Thursday, June 15, 2017

Leaky, Leaky

The Post is reporting that President Trump is now personally under investigation by the special counsel for possible obstruction of justice, and this morning, Trump is in full meltdown-martyr mode over it. In a couple of tweets, he lashed out wildly at an unnamed “they,” who (raged Trump) failed to get him on collusion charges and are now trying to get him on “obstruction,” which he railed at as the “single greatest witch hunt in American history,” one that is “led by very bad and conflicted people.”

[...]

Trump’s claims of persecution should be taken as more than mere deflection or an effort to stoke his supporters’ grievances. They hint that Trump could still try to remove Mueller, a possibility that must be taken more seriously now that Trump is a target.

  WaPo
He may have to fire Sessions and Rosenstein to get to Mueller.
Trump’s own words, in multiple settings, are potentially key pieces of evidence against him. Trump publicly admitted he fired Comey because of unhappiness with the Russia investigation. Comey testified that Trump’s demand for “loyalty” came in the context of a conversation about whether Comey would continue to serve as FBI director at his pleasure.
Trump had received private assurances from then-FBI Director James B. Comey starting in January that he was not personally under investigation. Officials say that changed shortly after Comey’s firing.

  WaPo
A little something we call cutting off your nose to spite your face.
The obstruction-of-justice investigation of the president began days after Comey was fired on May 9, according to people familiar with the matter. Mueller’s office has taken up that work, and the preliminary interviews scheduled with intelligence officials indicate that his team is actively pursuing potential witnesses inside and outside the government.

[...]

Daniel Coats, the current director of national intelligence, Mike Rogers, head of the National Security Agency, and Rogers’s recently departed deputy, Richard Ledgett, agreed to be interviewed by Mueller’s investigators as early as this week.

[...]

It is doubtful that the White House could ultimately use executive privilege to try to block them from speaking to Mueller’s investigators. Experts point out that the Supreme Court ruled during the Watergate scandal that officials cannot use privilege to withhold evidence in criminal prosecutions.

[...]

Mueller is overseeing a host of investigations involving people who are or were in Trump’s orbit, people familiar with the probe said. The investigation is examining possible contacts with Russian operatives as well as any suspicious financial activity related to those individuals.
Damn. He fucked himself up good.
The Justice Department has long held that it would not be appropriate to indict a sitting president. Instead, experts say, the onus would be on Congress to review any findings of criminal misconduct and then decide whether to initiate impeachment proceedings.
That takes all the satisfaction out of it. Why is it not appropriate to indict a criminal? If indeed that's what he is.
Coats told associates that Trump had asked him whether Coats could intervene with Comey to get the bureau to back off its focus on former national security adviser Michael Flynn in its Russia probe, according to officials.

[...]

A day or two after the March 22 meeting, Trump telephoned Coats and Rogers to separately ask them to issue public statements denying the existence of any evidence of coordination between his campaign and the Russian government.

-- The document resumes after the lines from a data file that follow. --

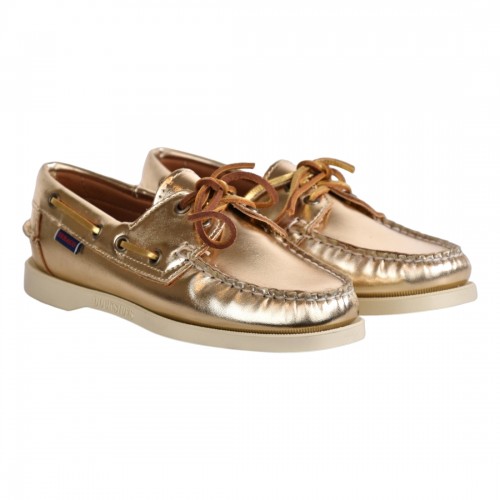 ALLACCIATA PORTLAND DOCKSIDES MET SEBAGO 73127GW 989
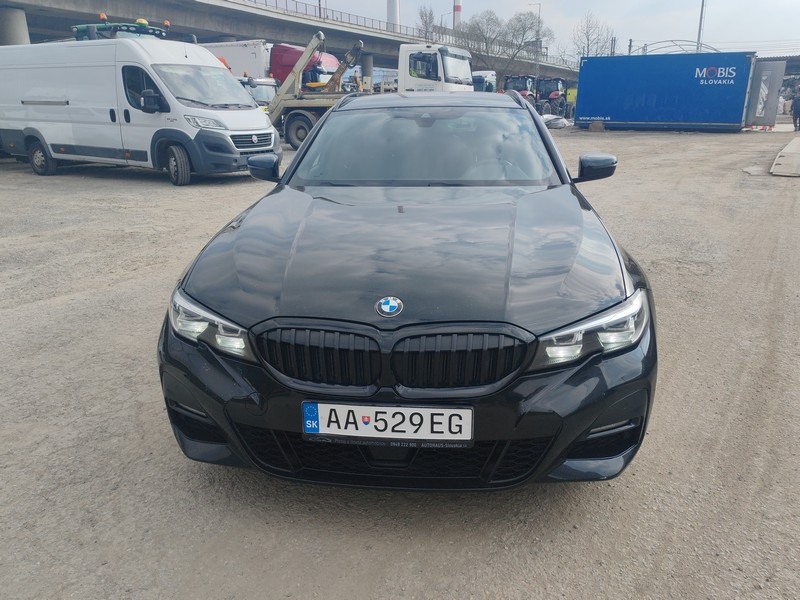 BMW 320d+HEV Xdrive (G21) - 5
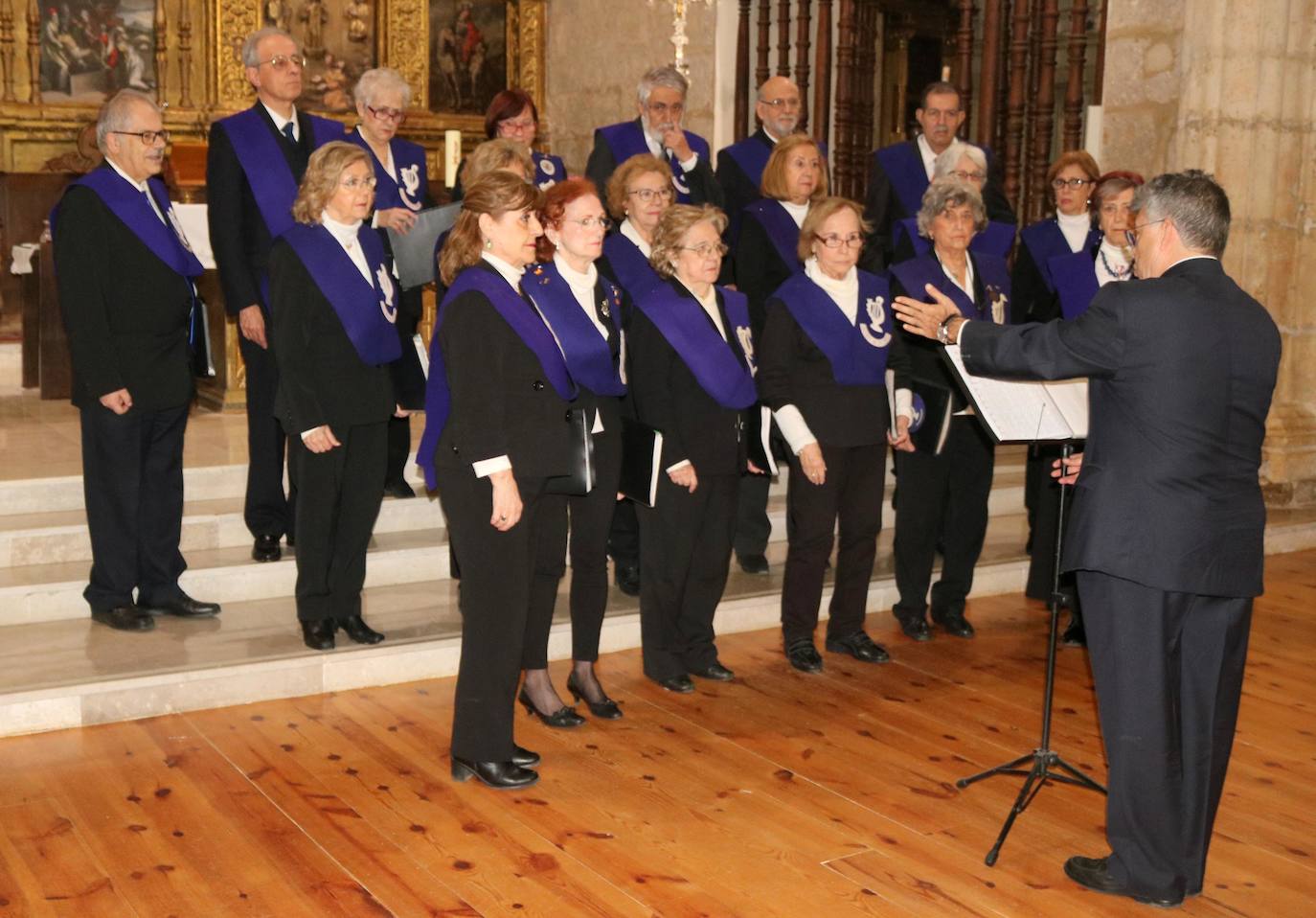 Ciclo de Navidad de la Diputación en Baltanás y Fuentes de Nava.
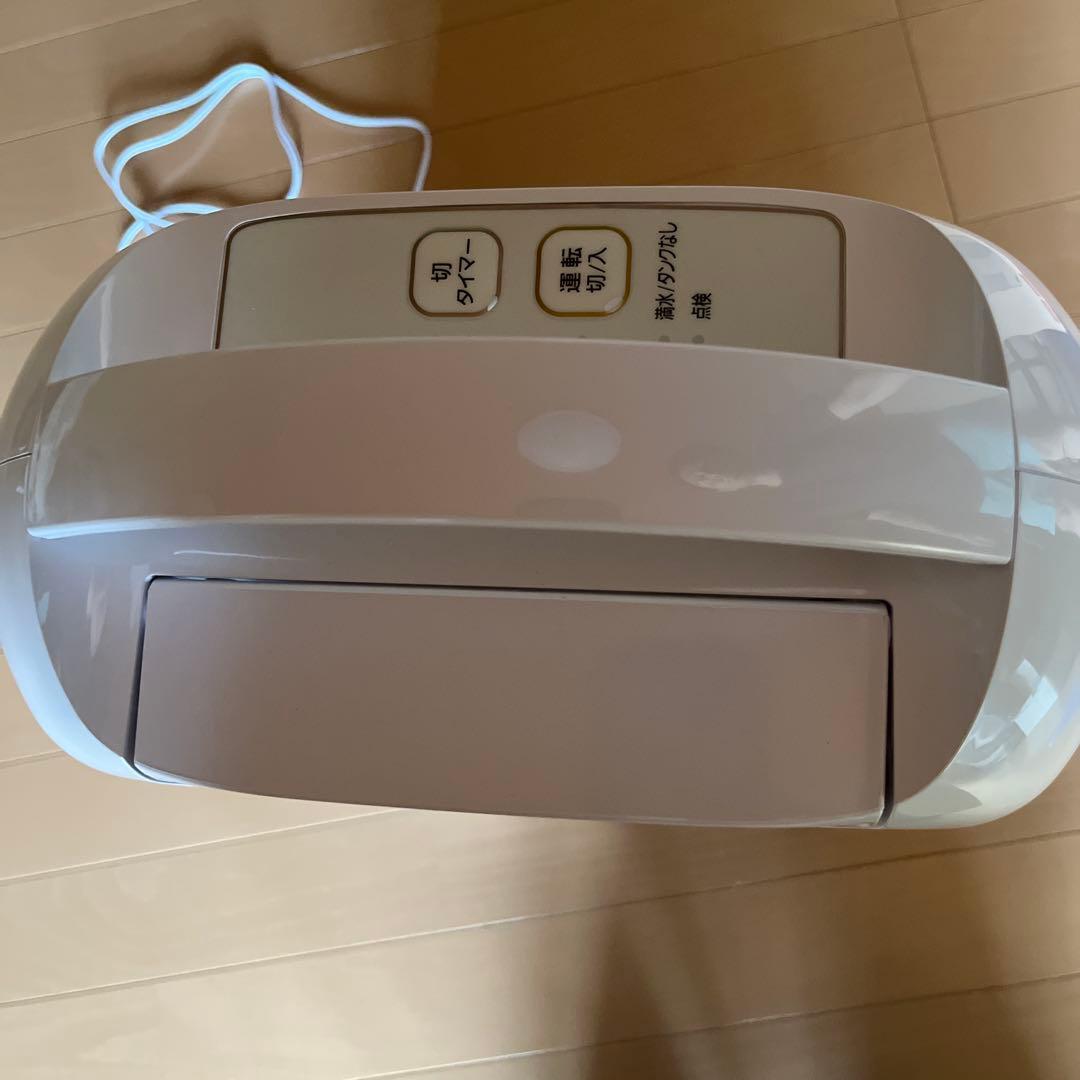 衣類乾燥除湿機　未使用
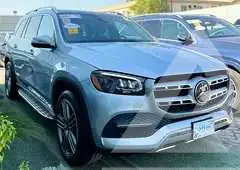 2022 Mercedes Benz GLS-Class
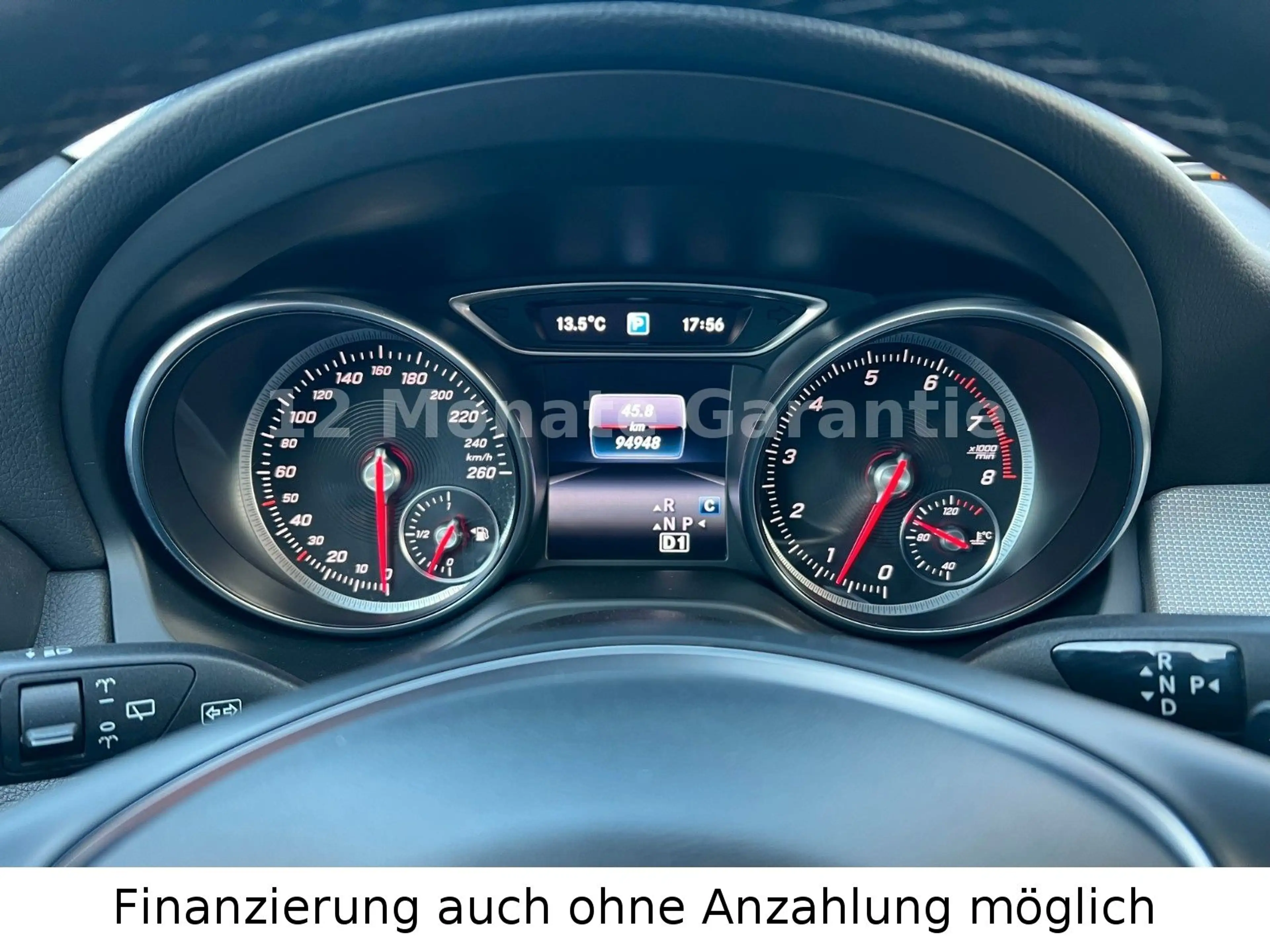 Mercedes-Benz CLA 220 CLA-Klasse CLA 220 Shooting Brake 4Matic Urban — photo 20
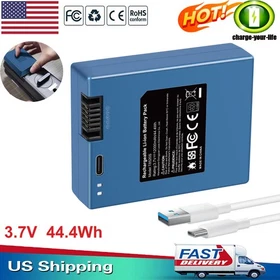 ✅12000mAh Battery for eufy Security Smart Locks-For S330 E330 S230 S231 S220 US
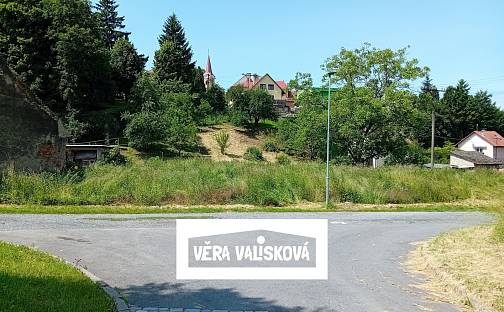 Prodej stavebního pozemku 875 m², Kroměříž - Těšnovice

Coats and Rogers refused to comply with the president’s requests, officials said.

It is unclear whether Ledgett had direct contact with Trump or other top officials about the Russia probe, but he wrote an internal NSA memo documenting the president’s phone call with Rogers, according to officials.
Apparently nobody trusts the man.
[T]he team Robert Mueller is building provides clues about which way the investigation is heading.

One is a veteran of the Watergate investigation, and Donald Trump – like Richard Nixon – was reported on Wednesday to now be under investigation for obstruction of justice. Other team members have specialities that could point toward where Mueller is looking after taking over control of the investigation from the FBI: money laundering, financial fraud and Russian organised crime.

  Guardian
There it is. That's what they're trying to hide.